[Opening Data for this task section]

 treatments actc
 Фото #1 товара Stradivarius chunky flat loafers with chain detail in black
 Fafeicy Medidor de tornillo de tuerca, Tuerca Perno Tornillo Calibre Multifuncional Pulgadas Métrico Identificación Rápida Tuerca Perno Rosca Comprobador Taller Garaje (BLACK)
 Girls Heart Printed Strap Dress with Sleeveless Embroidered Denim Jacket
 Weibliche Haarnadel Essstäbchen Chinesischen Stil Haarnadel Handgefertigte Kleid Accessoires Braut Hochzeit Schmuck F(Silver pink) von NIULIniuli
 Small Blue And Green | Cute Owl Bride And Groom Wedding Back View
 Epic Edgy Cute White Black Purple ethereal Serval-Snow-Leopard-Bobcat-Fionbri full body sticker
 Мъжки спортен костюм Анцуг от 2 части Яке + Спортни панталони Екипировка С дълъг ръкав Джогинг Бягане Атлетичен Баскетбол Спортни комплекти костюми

[Closing Data for this task section]

What is needed: If a line in the entries above holds the word "with", count it; then report the total alone.

Expected output: 2